Power consumption is where the RTX 5060 earns a meaningful real-world advantage. Its TDP of 145W sits notably below the RX 9060 XT's 170W — a 25W gap that has compounding effects: lower system power draw, reduced heat output, quieter fan operation under sustained load, and compatibility with smaller or less powerful PSUs. For users in compact builds or those prioritizing energy efficiency, this difference matters. On physical size, the RX 9060 XT is also larger at 240 mm in length versus 200 mm for the RTX 5060, which could affect fitment in smaller cases. Both share PCIe 5.0 interface support and air cooling, so neither has an edge on connectivity or cooling type.

This group does not produce a single outright winner — rather, it highlights a design trade-off. The Sapphire RX 9060 XT brings a more advanced silicon node and greater transistor density, suggesting more architectural investment per chip. The PNY RTX 5060 OC counters with a significantly lower TDP and a more compact footprint, making it the friendlier option for power-constrained or space-limited systems. Which advantage matters more depends squarely on the user's build and priorities.

Comparison Summary & Verdict

After examining every specification, these two cards serve distinctly different buyer profiles.
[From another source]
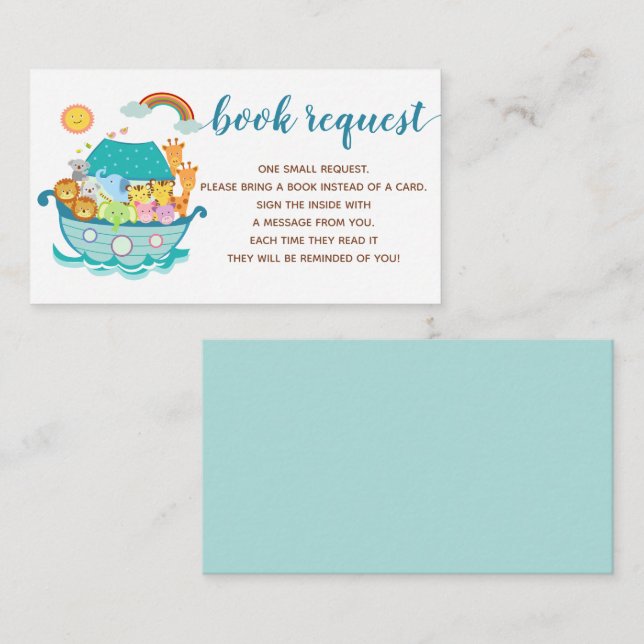 Noah's Ark Baby Shower Book Request Enclosure Card (Front/Back)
The PNY GeForce RTX 5060 OC Dual Fan stands out with its GDDR7 memory delivering 448 GB/s of bandwidth, a lower 145W TDP, and exclusive DLSS support — making it an energy-efficient choice for those invested in Nvidia's feature ecosystem. The Sapphire Pulse Radeon RX 9060 XT 8GB counters with a higher 3290 MHz turbo clock, stronger floating-point performance at 26.95 TFLOPS, and superior pixel and texture rates — advantages that translate into raw rendering muscle. If power efficiency, DLSS, and faster memory bandwidth matter most, the PNY is the stronger pick. If outright compute and rasterization performance is your priority, the Sapphire card holds the edge.
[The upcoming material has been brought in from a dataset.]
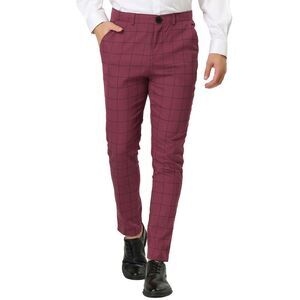 Plaid Dress Slim Fit Checked Business Pants with Pockets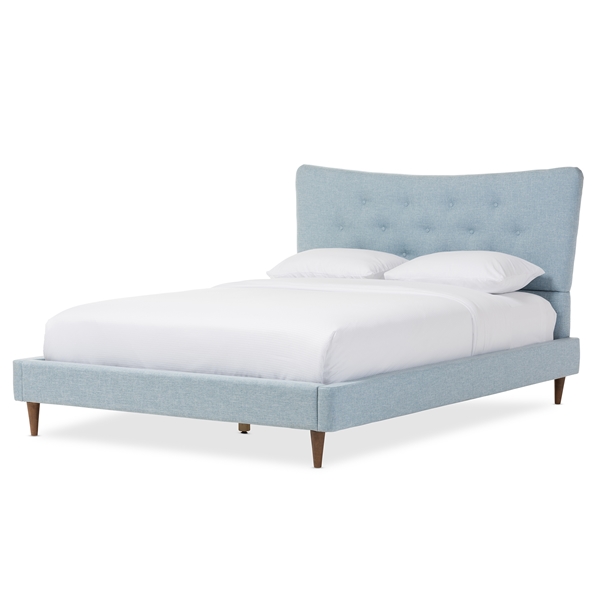 baxton studio Baxton Studio Hannah Mid-Century Modern Sky Blue Fabric Queen Size Platform Bed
PNY GeForce RTX 5060 OC Dual Fan
Buy PNY GeForce RTX 5060 OC Dual Fan if...

Buy the PNY GeForce RTX 5060 OC Dual Fan if you want faster memory bandwidth via GDDR7, a lower 145W power draw, and access to DLSS technology for AI-powered upscaling.

Sapphire Pulse Radeon RX 9060 XT 8GB
Buy Sapphire Pulse Radeon RX 9060 XT 8GB if...

Buy the Sapphire Pulse Radeon RX 9060 XT 8GB if you prioritize higher raw compute performance, a faster 3290 MHz turbo clock, and superior pixel and texture fill rates for demanding rasterization workloads.